To Fix Washington, D.C., We Must First Destroy It

Conservatives have long complained about the size and scope of the federal government, especially since its prolonged, self-aggrandizing phase began in earnest after World War II. They’ve offered countless legal solutions to reduce the feds’ intrusions into both the affairs of the states and into our individual lives—almost none of which has resulted in any practical reduction in federal intrusiveness as Leviathan grows ever larger and fatter.

As the nation developed, the cities that grew up around seaports—Boston, New York, Charleston, New Orleans, as well as the cities along the Ohio, Missouri and Mississippi rivers, and on the Great Lakes—became centers of population and commerce; there was gold in them there wharves. Later, the Gold Rush gave birth to the West. But county seats and state capitals also became sources of prosperity, as a growing democracy slowly (and then suddenly) bureaucratized to meet the challenges of a huge geographic area and international conflict. Today the gold lies in tax receipts and government jobs.

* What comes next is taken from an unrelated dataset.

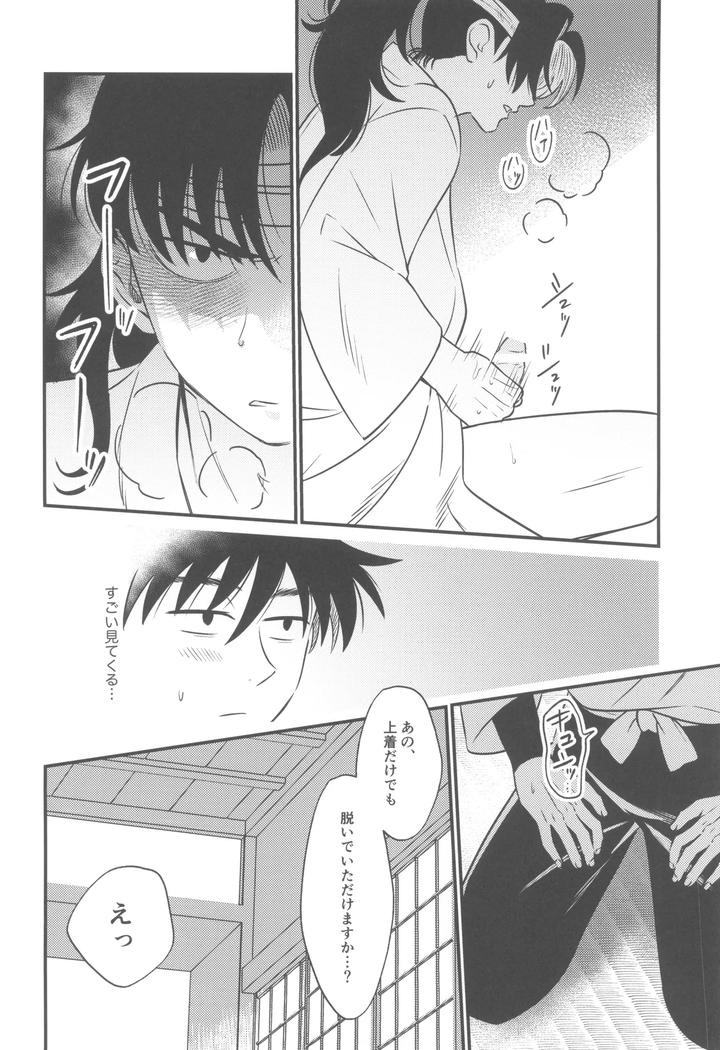 Nintama Rantarou Dj – Keikyo koi dou by BIBIMBA (Sane) [JP] page 18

It is no accident then that the wealthiest counties in the United States are now the Maryland and Virginia suburbs near the District of Columbia. Or that the top salaries of federal bureaucrats, $164,000 per annum, now rival the salaries of senators and congressmen. Far from simply being the seat of government, Washington has become a gigantic money-churning machine, enriching not only public officials but also its legion of camp followers along K Street and elsewhere who have set up shop along the Potomac. It’s a vicious cycle, and all at taxpayer expense: the more it costs to live in or around D.C., the higher salaries and perks will rise, and the higher prices businesses will charge.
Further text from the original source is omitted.